Direct sum of a subspace and its orthogonal complement

Question

Can someone give me an geometric and intuitive explanation for why this Theorem is right? Direct sum of a subspace and its orthogonal complement Suppose U is a finite-dimensional subspace of V. Then $V=U⊕U^⊥$

Thank You

Answer 1

This has a geometric picture in $\mathbb{R}^2$ and $\mathbb{R}^3$.

In $\mathbb{R}^2$, you can think of $U$ as a line through the origin, and $U^\perp$ as the line through the origin perpendicular to it. For example, $U$ could be the line spanned by $(1,1)$ and $U^\perp$ the line spanned by $(-1,1)$. To get to any vector in $\mathbb{R}^2$, we can first go along some vector in $U$, then add a vector in $U^\perp$, just like the parallelogram law for the sum of two vectors, and there is only one way to do this.
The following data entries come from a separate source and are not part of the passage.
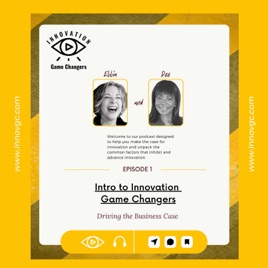 Innovation Game Changers with Dee & Ellia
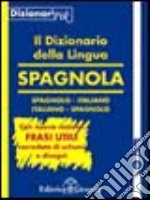 Dizionario PIK spagnolo-italiano, italiano-spagnolo. Con il nuovo frasi utili con schemi e disegni libro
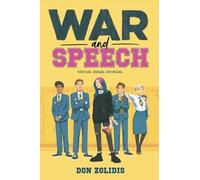 Don Zolidis War and Speech (Tascabile)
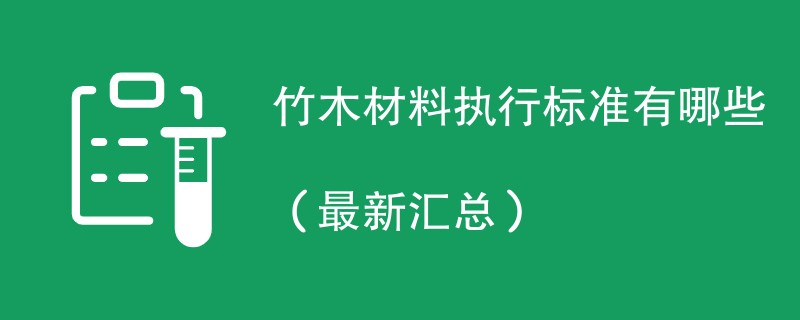 竹木材料执行标准有哪些（最新汇总）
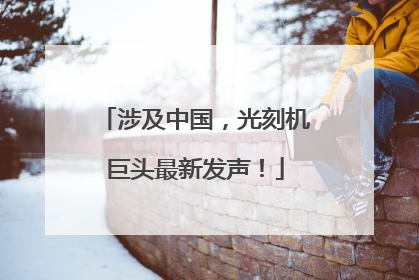 涉及中国，光刻机巨头最新发声！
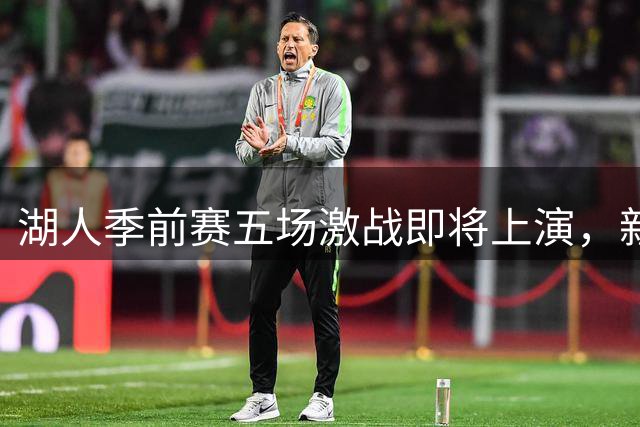湖人季前赛五场激战即将上演，新援表现成关键看点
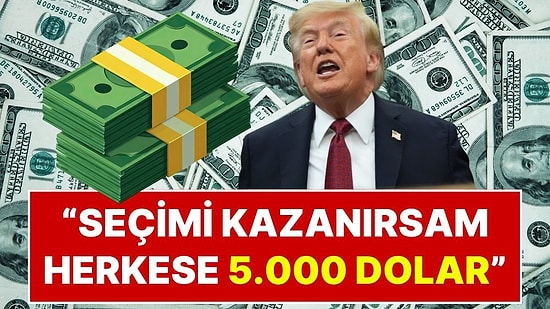 ABD Başkanı Donald Trump'tan Ara Seçim Vaadi: "Her Yetişkine 5 Bin Dolar Vereceğim!"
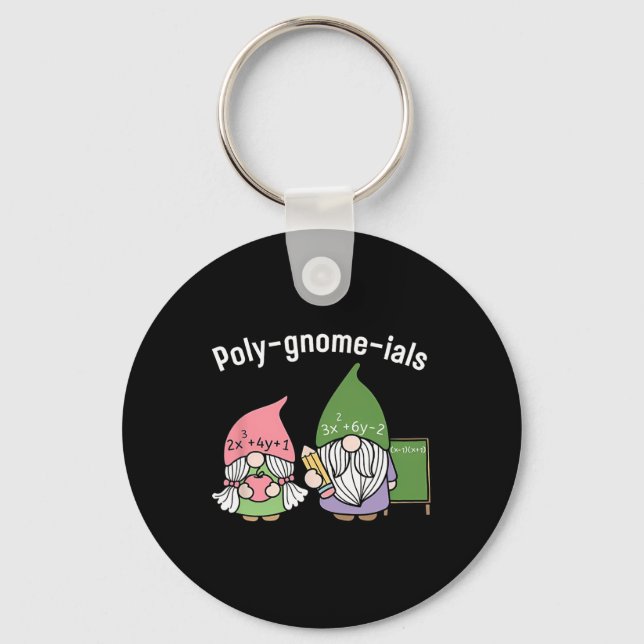 Polygnomeials Math Teacher  Keychain (Front)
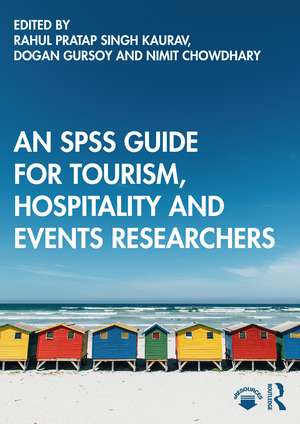 An SPSS Guide for Tourism, Hospitality and Events Researchers de Rahul Pratap Singh Kaurav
In $\mathbb{R}^3$, you can think of $U$ as a plane through the origin, and $U^\perp$ as the line through the origin that’s normal to $U$. For example, $U$ might be the $xy$-plane and $U^\perp$ the $z$-axis. To get to any point in $\mathbb{R}^3$, there is a unique way to write it as the sum of some vector in the $xy$-plane and some vector in the $z$-axis. We can first look at its “shadow” in the $xy$-plane, i.e. a point $(x,y,0)$, which corresponds to the $U$ component, and then add to this the “height” component $(0,0,z)$, which corresponds to the $U^\perp$ component.